About this exercise » Skip the pictures and restate, word for word, the lines from the one containing "Jerk chicken sandwich" to the end of the data below.

★ ★ ★

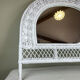 Half-moon wicker mirror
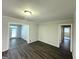 Spacious living room features wood floors, neutral colored walls, and abundant natural light at 4487 Greenleaf Sw Cir, Atlanta, GA 30331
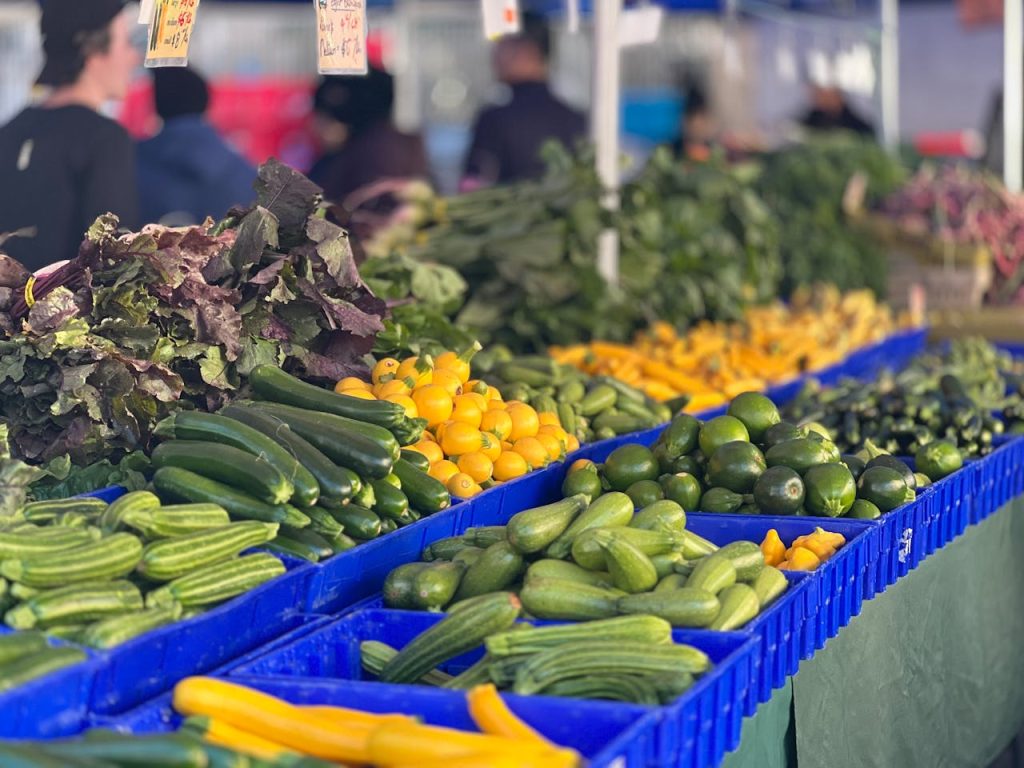 pexels photo 28991059 Colorful array of fresh vegetables in baskets at an outdoor farmers market.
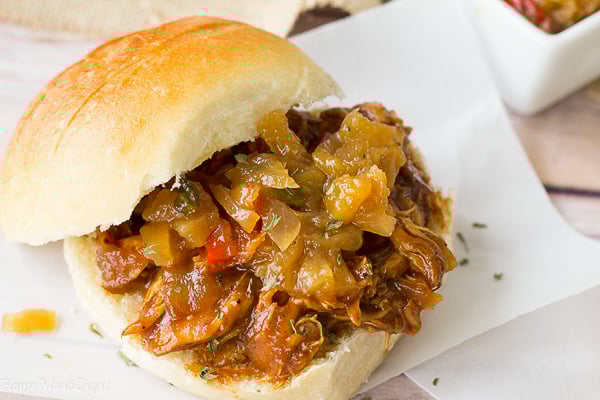 Jerk chicken sandwich on a white sheet topped with pineapple chutney.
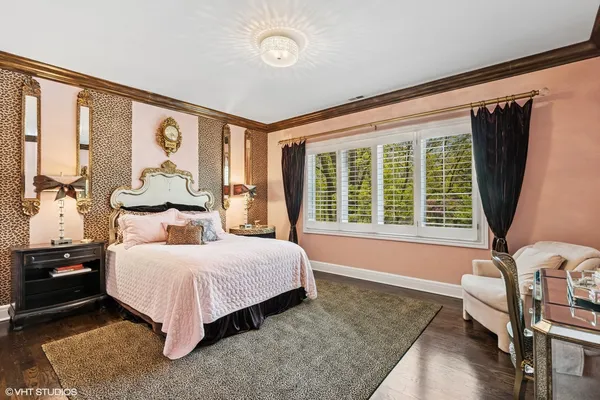 a bedroom with a large bed and a large window
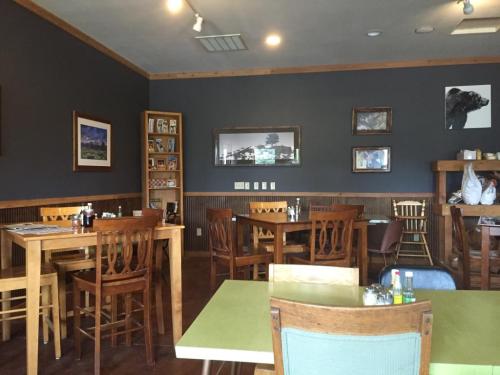 Cozy restaurant interior with wooden tables, chairs, and framed artwork on dark walls. A shelf displays various items.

★ ★ ★

Result for this exercise »
 Jerk chicken sandwich on a white sheet topped with pineapple chutney.
 a bedroom with a large bed and a large window
 Cozy restaurant interior with wooden tables, chairs, and framed artwork on dark walls. A shelf displays various items.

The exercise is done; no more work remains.